Il punto di primissima importanza è quindi scegliere bene progetti e soggetti trasparenti ed etici. Le aziende che presenteranno progetti devono presentare un curriculum, oltre che tecnicamente rilevante, profondamente etico. Ma a cosa ci riferiamo col termine etico? Etico è meritocrazia, è competenza verificata, è correttezza concorrenziale ed etica è soprattutto un’azienda che crede nel lavoro e nel capitale umano e non nelle magie finanziarie per investitori sbadati.

Bisognerà che vengano varati nei dettagli i termini di accesso agli appalti, premiando le aziende che fanno crescere il capitale umano nel Paese, che assumono sia giovani menti che gente con esperienza che a cinquant’anni è stata messa alla porta da multinazionali che hanno ridotto o chiuso in Italia per aprire in Paesi dove i diritti dei lavoratori e persino i diritti umani sono violati, premiando le start-up nate da recupero di competenze e eccellenze considerate ‘in esubero’.

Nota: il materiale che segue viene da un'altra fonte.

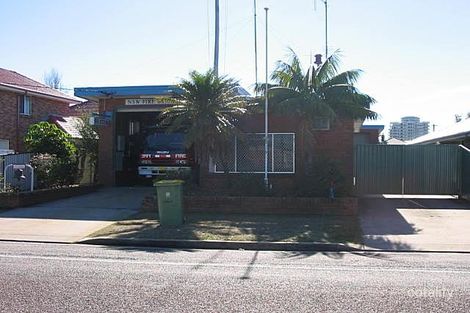 24 Boondilla Rd, The Entrance, NSW 2261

Con l’agenda digitale, lo Stato può davvero centrare molti obiettivi: rendere l’amministrazione della cosa pubblica più snella e meno costosa, migliorare la vita del cittadino, rendere il Paese più competitivo e moderno, attraendo capitali esteri, mantenere il patrimonio di conoscenze sul territorio, mitigare la piaga della disoccupazione e ridurre i costi per gli ammortizzatori sociali. Ma i risultati saranno raggiunti solo se si vaglierà la storia delle aziende interessate e in questo ci vorranno molte capacità da chi amministra il denaro pubblico, come sappiamo bene noi ingegneri, tecnici, ricercatori di una multinazionale del settore, Nokia Siemens Networks, che sta abusando dei soldi dei contribuenti italiani per mandare in cassa integrazione e mobilità gente con alti profili e competenze, acquisite in un sito di eccellenza ultracinquantenne, mentre investe su siti di ricerca e sviluppo giovani in paesi low cost (spesso sperperando denaro), solo per fare utili di breve periodo e non per creare seria e duratura ricchezza, né in questa parte del mondo né nell’altra.